The African Union and other African regional organizations have important roles to play in formulating regional and continental solutions to Africa’s environmental challenges.
Sustainable solutions must also be inter-related covering economic, social, ecological, physical, and political. A major concern with Africa and climate change is the fact that its adaptive capacity is hindered by poor national economies. Climate mitigation and adaptation in particular and environmental development in general require financing, investment and innovation which are foundations of thriving economies. In fact, African countries are less likely to promote and implement sustainable environmental development, where it affects economic growth and overburdens government spending, especially for lower income countries. Sustainable solutions must therefore balance the economic, social, ecological and political interests. Environmental financing should support innovation directly.
Financing should target businesses that are providing solutions for these problems.

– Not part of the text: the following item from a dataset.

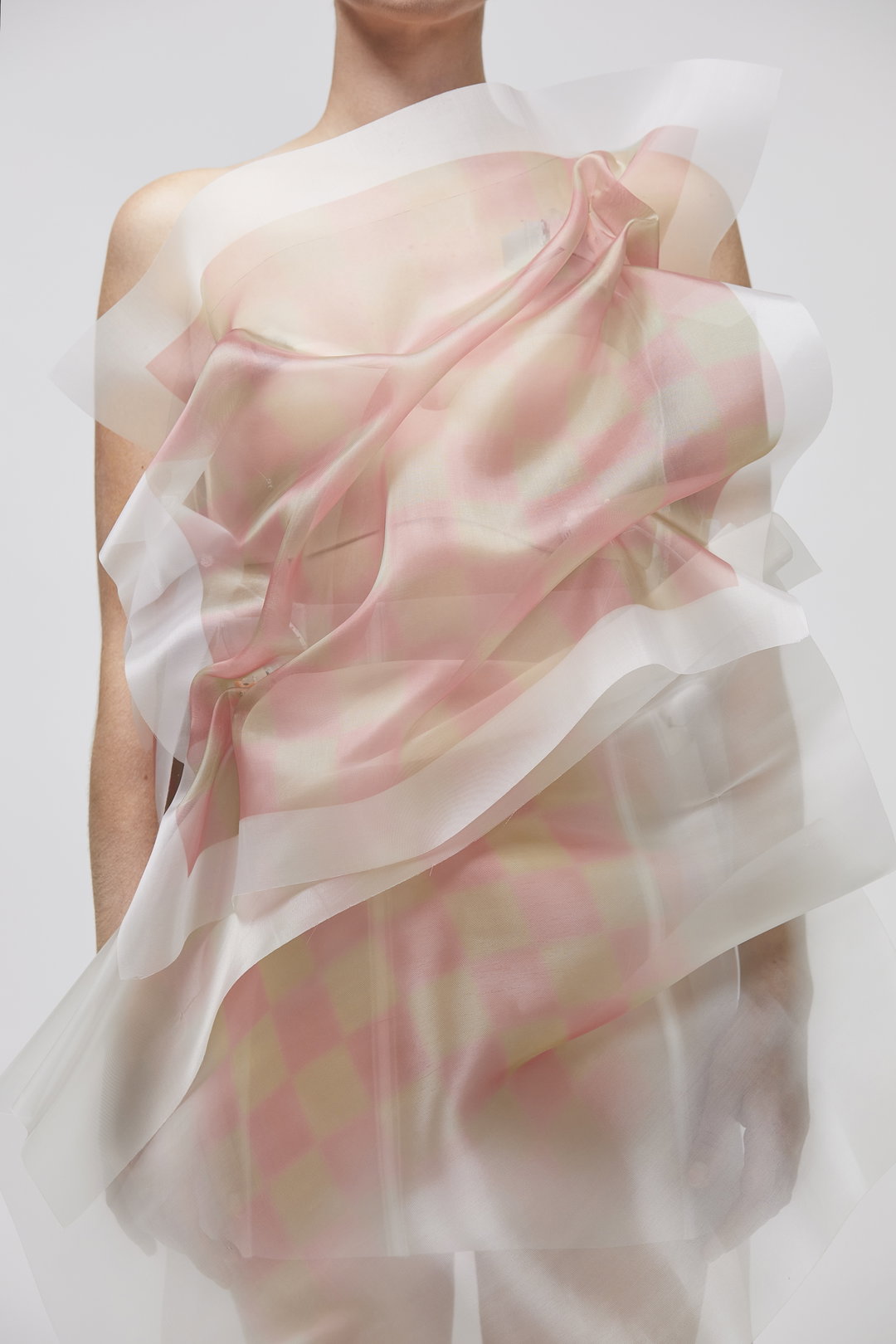 ying-gao-2526-fashion-itsnicethat-5.jpeg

Developmental financing to nations should be tied to results to drive implementation. Incentives should be created (locally and internationally) for local private investors to support these solutions. For example, the capacity for African businesses to participate in the international carbon trading market is an incentive for the development and financing of businesses providing green solutions.

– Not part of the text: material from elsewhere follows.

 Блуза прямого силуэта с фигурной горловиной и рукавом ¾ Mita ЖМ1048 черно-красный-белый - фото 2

Regulatory solutions must be backed by implementation processes, regular reporting mechanisms and timeframes within which regulatory goals must be achieved. Implementation processes must include regulatory enforcement and information collection and tracking systems. For environmental challenges, this usually requires that the regulator directly or indirectly tracks and keeps record of changes in environmental phenomena. This is especially important for environmental challenges such as air and water pollution.

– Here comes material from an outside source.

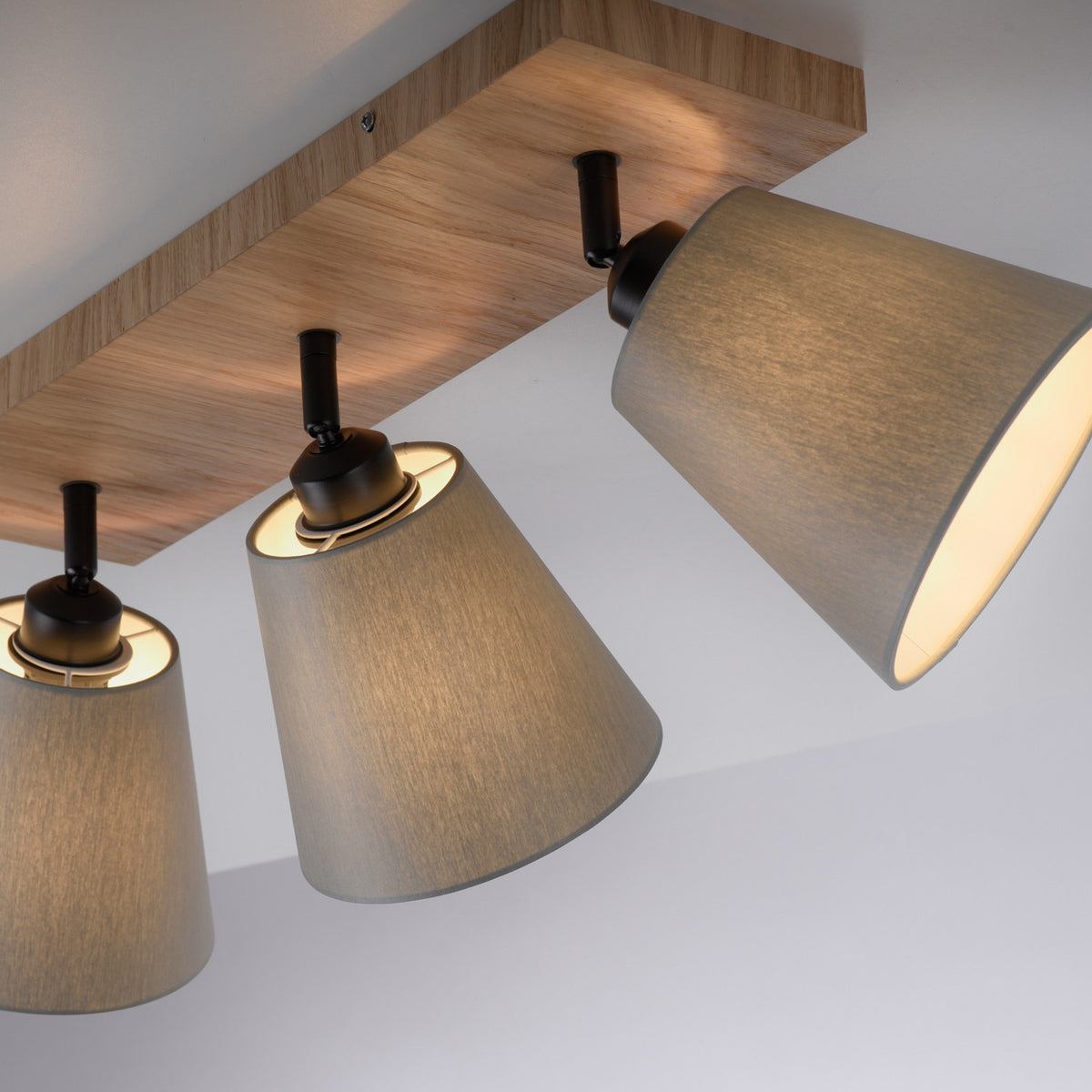 Détail rapproché de la base en bois et des douilles noires orientables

Tracking ambient air pollution is important in setting standards that are workable, achievable, and reasonable in light of present pollution statistics.
Regulatory solutions must be supported by earmarked funds from government budgets to fund them. Earmarking specific funding restrains successive administrations from reviewing budgetary allocations to the sustainable development and keeps it as a uniform goal regardless of the socio-political situation in a particular country.
Conclusion
Africa’s environmental challenges are significant and require urgent attention. Pollution, climate change and land degradation are some of the most significant environmental challenges on the continent. Africa is struggling to address issues of food and energy security as well as rapid urbanization, while at the same time facing rapid environmental degradation. In attempting to solve the problems of food and energy security and urbanization, the traditional means adopted to address them have generally ignored environmental health concerns and resulted in further degradation.
The pursuit of sustainable solutions requires that they be continental facing and integrated across different sectors. Proper regulation is also an important facet of sustainable solutions to Africa’s environmental challenges. Addressing environmental challenges has to be the forefront of African policy due to its effects on other socio-political and socio-economic issues on the continent.